--- Data to use Enclosed Below ---

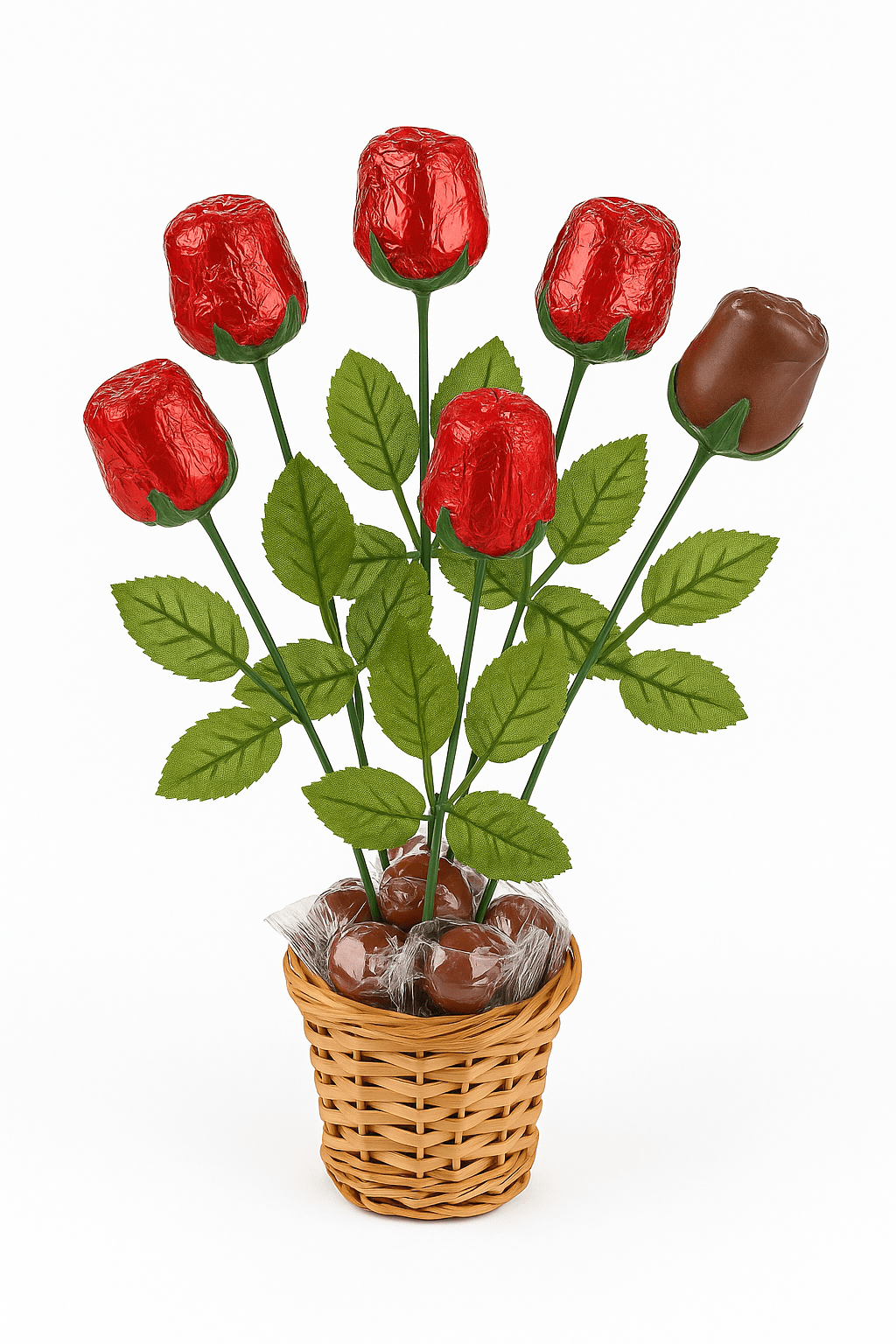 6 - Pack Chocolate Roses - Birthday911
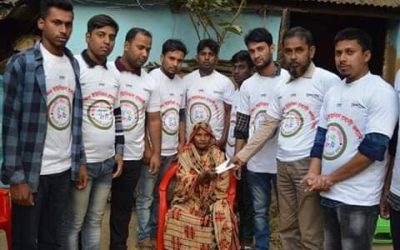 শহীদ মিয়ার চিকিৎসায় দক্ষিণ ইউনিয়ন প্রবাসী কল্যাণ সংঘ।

--- End of Enclosed Data to use ---
--- Data to use Enclosed Below ---

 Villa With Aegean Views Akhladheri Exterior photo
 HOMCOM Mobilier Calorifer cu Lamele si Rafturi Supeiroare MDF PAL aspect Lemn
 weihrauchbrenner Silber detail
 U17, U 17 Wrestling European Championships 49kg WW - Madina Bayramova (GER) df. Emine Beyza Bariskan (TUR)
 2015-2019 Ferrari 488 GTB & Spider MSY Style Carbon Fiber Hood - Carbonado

--- End of Enclosed Data to use ---

> _Exercise directions_
An exact copy of the lines above from the one with "6 - Pack Chocolate Roses - Birthday911" up to and including the one with "শহীদ মিয়ার চিকিৎসায়" is required; reproduce only those lines, omitting all pictures.

> _Problem solution_
 6 - Pack Chocolate Roses - Birthday911
 শহীদ মিয়ার চিকিৎসায় দক্ষিণ ইউনিয়ন প্রবাসী কল্যাণ সংঘ।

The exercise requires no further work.